Dividend Stock #10: Home Depot (HD)
Home Depot (HD) is a home improvement retailer with over 2,200 locations in the United States and elsewhere. At a time when many traditional retailers have struggled, Home Depot has managed to maintain a long-term growth trend.
The company boasts a 9.8 percent profit margin, higher than other big-box retailers, particularly grocery stores.
Why? In addition to being a low-cost provider of home improvement supplies, Home Depot also offers tool rentals and installation services. Add-ons such as this are high-profit-margin areas and could help fuel the company’s growth even further.
That’s also been evident from the company’s dividend. In the past year, the company yet again raised its payout to a full $6 per share from a previous dividend of $5.72 per year. That’s a 4.8 percent increase in the dividend, a very attractive and reasonable growth rate.
At current prices, shares offer a 2.4 percent dividend yield. That yield may fluctuate, but chances are the total dividends per share will continue to increase in time.
That’s because the company has an excellent long-term history of growing its dividend. So while Home Depot will always likely be a low-yield play, it will offer some dividend growth and capital gains to match.

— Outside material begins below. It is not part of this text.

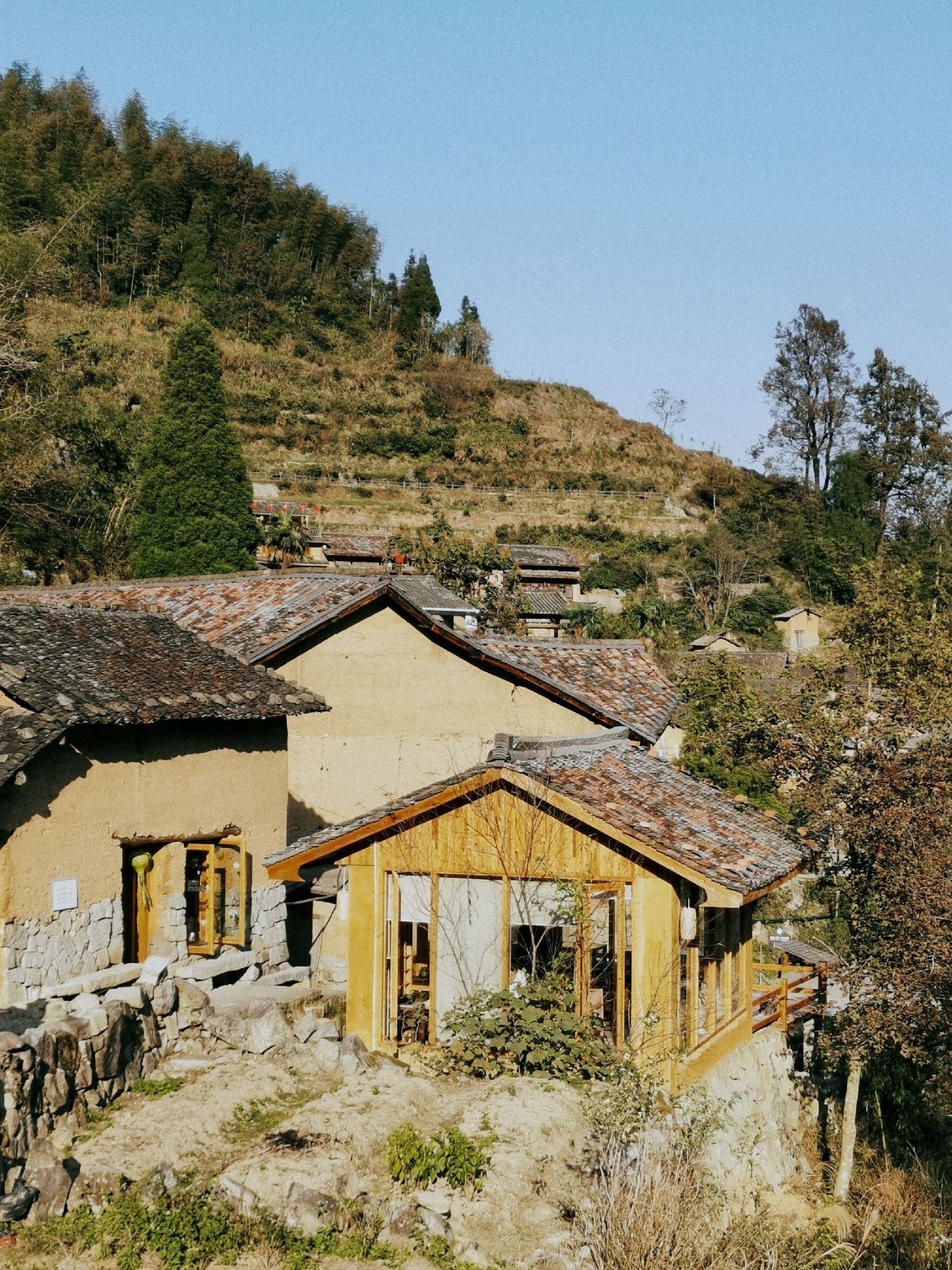 【携程攻略】云和白银谷景区景点,丽水旅行|打卡白银谷石寨村,每一处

What’s more, the dividend payout ratio is a mere 55.6 percent of current earnings right now. So there’s clearly some room for the dividend to continue growing over the next few years, even in a sluggish economy.
Conclusion: Dividends Matter
Dividend payments come in all sizes and payouts. Investors who buy a mix of companies with a history of treating their shareholders right should end up with both large capital gains and large cash payments. In a world of low interest rates, dividends matter now more than ever.

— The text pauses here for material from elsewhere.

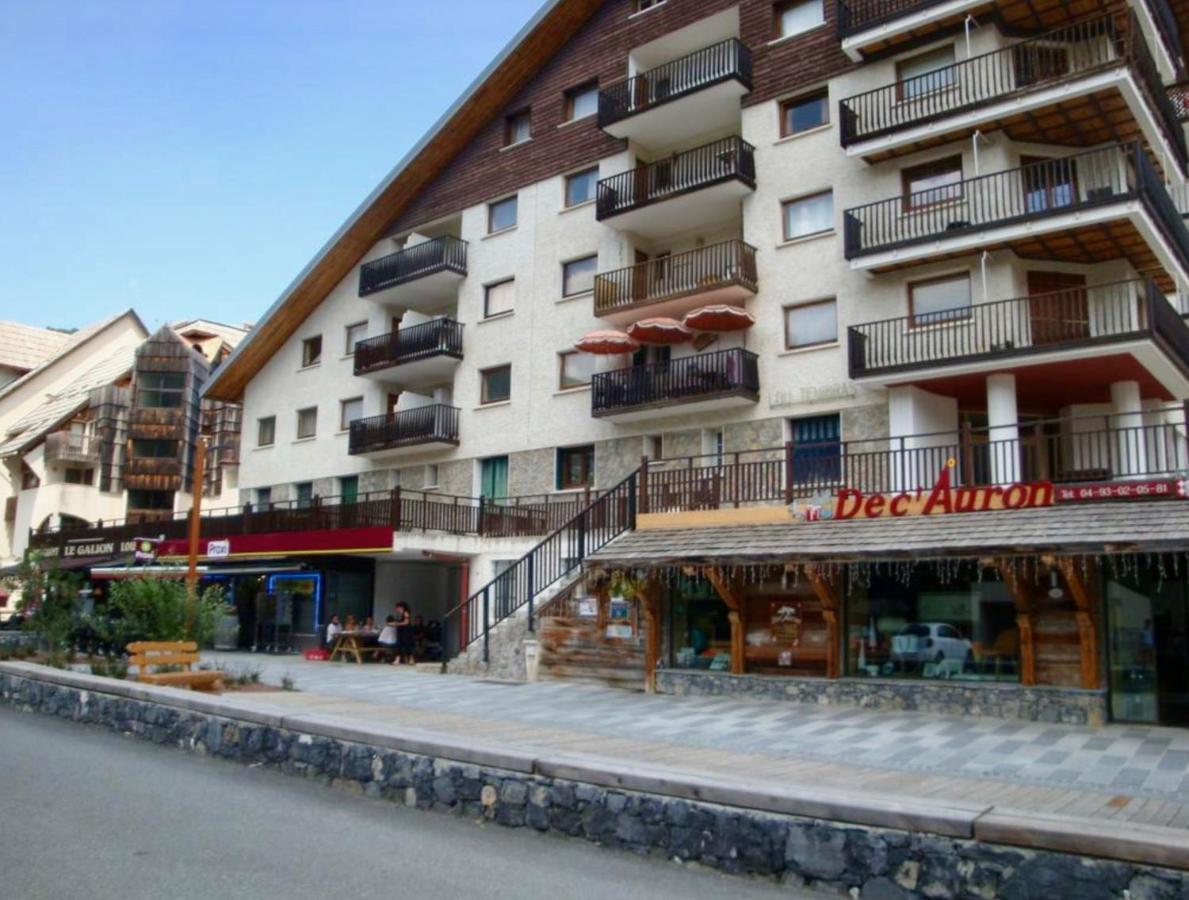 Studio Centre Auron Appartement Buitenkant foto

And with the power of reinvesting those dividends, those who seek out companies paying out cash to their shareholders are making it incredibly difficult to lose the investment game over time. Make sure you’re investing in the best companies with a history of paying dividends in these uncertain times.
Frequently Asked Questions:
What is a good dividend yield?
That can depend greatly. But for most common stocks, a dividend yield over 3 percent is a good starting point. That’s higher than the market average near 2 percent, and it should be able to grow over time.
How can I choose a good dividend stock?
Besides using the stocks on this list, look for companies that have a similar operating history. Companies need strong earnings and cash flows to be able to sustain and grow a dividend. And there are a number of solid dividend ETFs if you want to immediately start with a basket of dividend companies.
Are dividend stocks worth it?
Absolutely! While they may not always be as exciting as a growth stock, a dividend-paying stock provides you with regular cash. Dividend investing takes a lot of uncertainty out of investing.
How do dividend stocks play into overall portfolio strategy?
Dividend stocks should be the core of a stock portfolio. That’s due to their regular cash payouts and lower average volatility. And, studies have shown that reinvested dividends can produce over half your portfolio’s total return.